- [WHAT THE EXERCISE ASKS] Repeat the records below exactly from the line containing "Country Farmhouse Estate, Pool, Retreat, Pets" to the line containing "2105 Lexington Mews", taking in both of those lines. Drop the pictures.

- [AVAILABLE DATA]

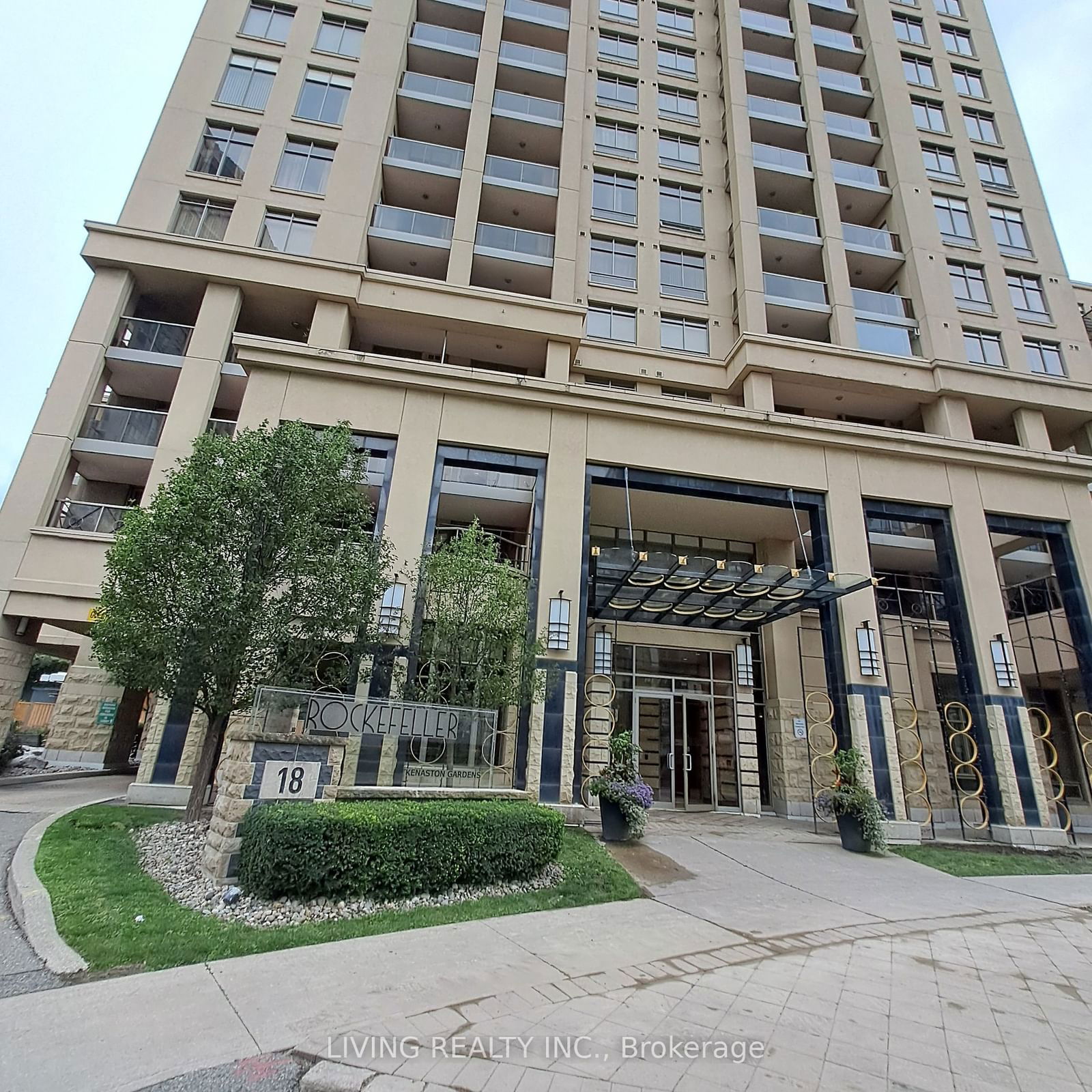 18 Kenaston Gdns, unit 410 for rent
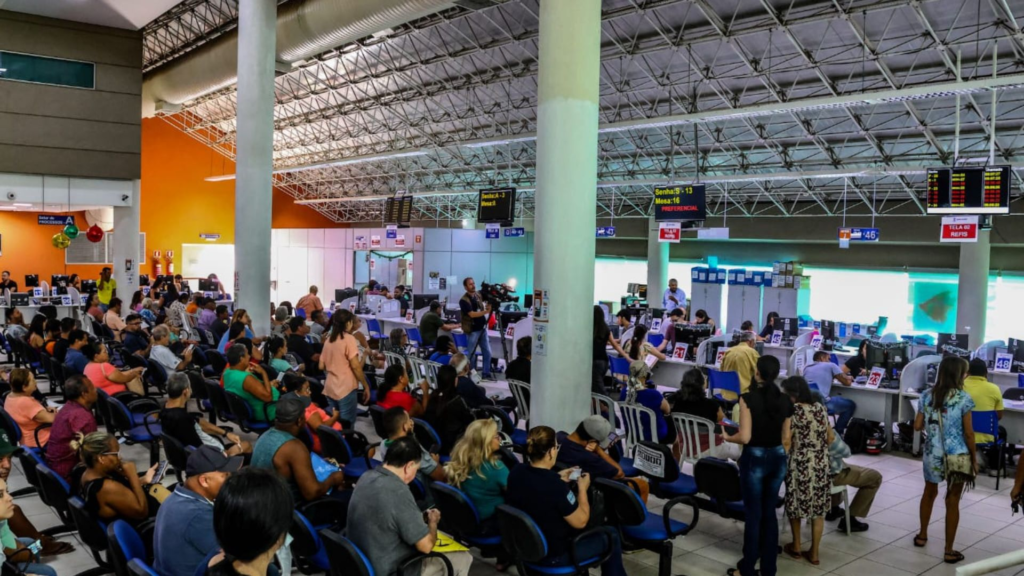 No último dia do Refis, contribuintes lotam Central do Cidadão para renegociar dívidas com desconto.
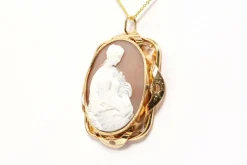 Pendentif Napoléon III or jaune et camée coquillage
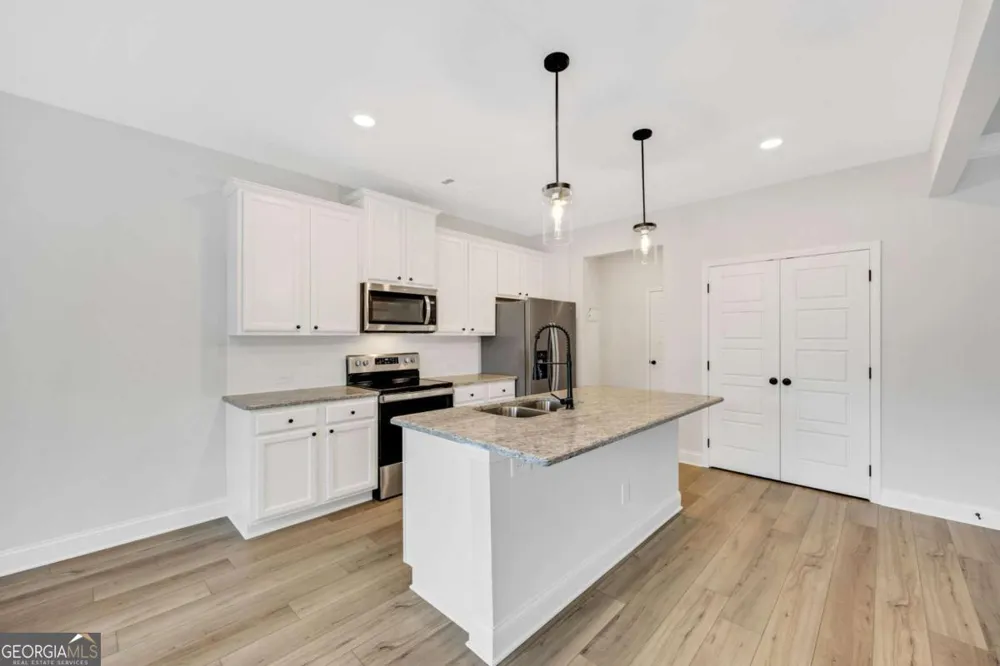 5325 Fox Hill LN Oakwood, GA 30566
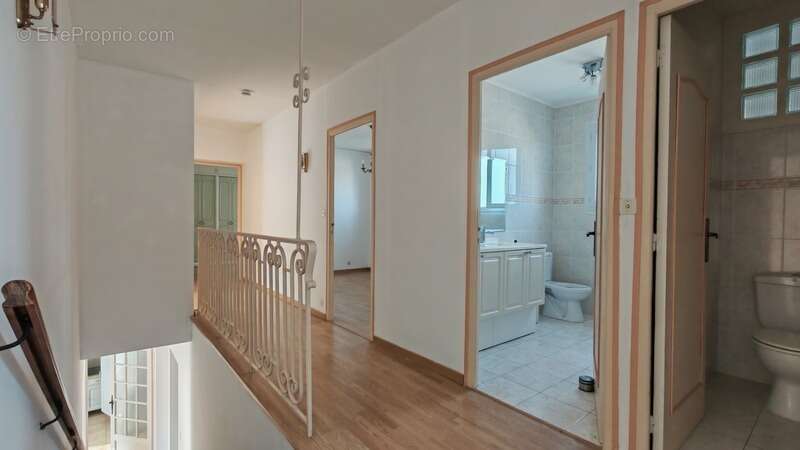 Maison à FONTVIEILLE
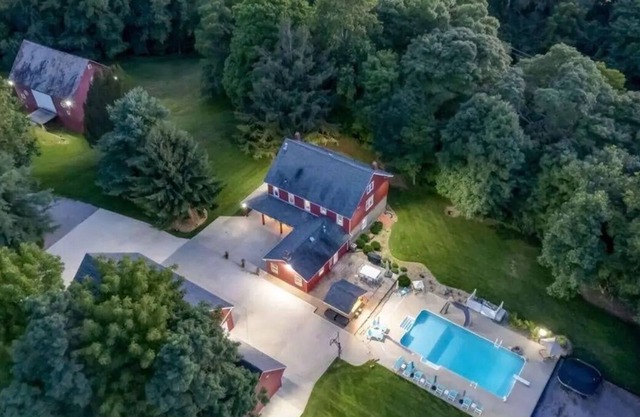 Country Farmhouse Estate, Pool, Retreat, Pets YES, Summer, Spring, Fall, Winter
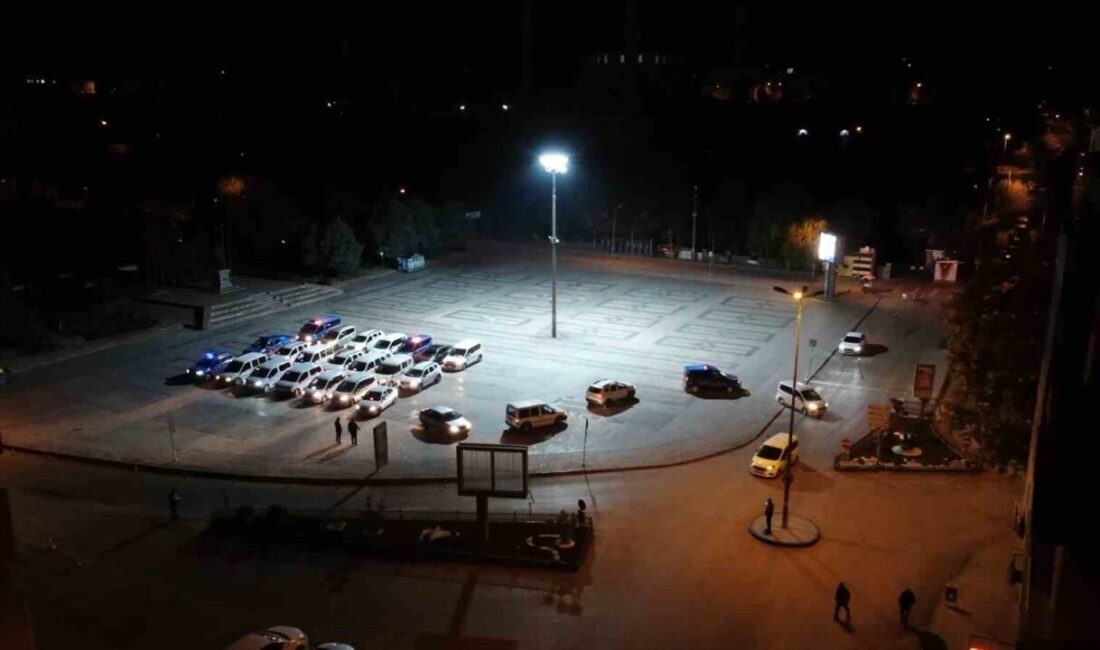 Kırıkkale’de polis ve jandarma ekiplerinin eş zamanlı düzenlediği ’şafak’ operasyonunda,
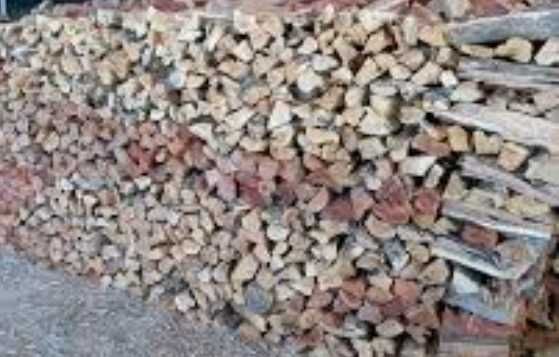 Lenha de pinho seca 35€ o metro cúbico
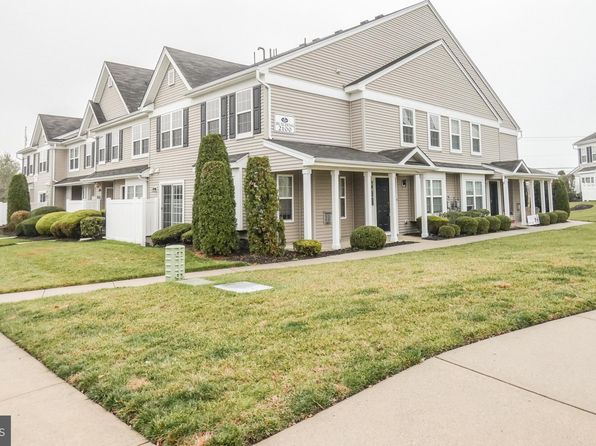 2105 Lexington Mews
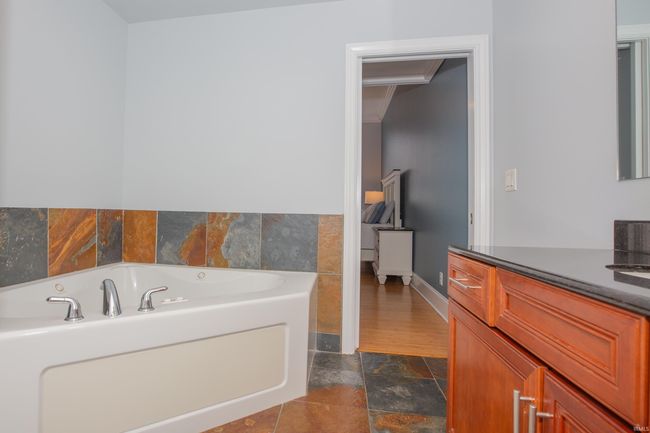 APT-2F - 508 Main St, Condo with 2 bedrooms, 2 bathrooms and null parking in Evansville IN | Image 16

- [OUTPUT OF THE TASK]
 Country Farmhouse Estate, Pool, Retreat, Pets YES, Summer, Spring, Fall, Winter
 Kırıkkale’de polis ve jandarma ekiplerinin eş zamanlı düzenlediği ’şafak’ operasyonunda,
 Lenha de pinho seca 35€ o metro cúbico
 2105 Lexington Mews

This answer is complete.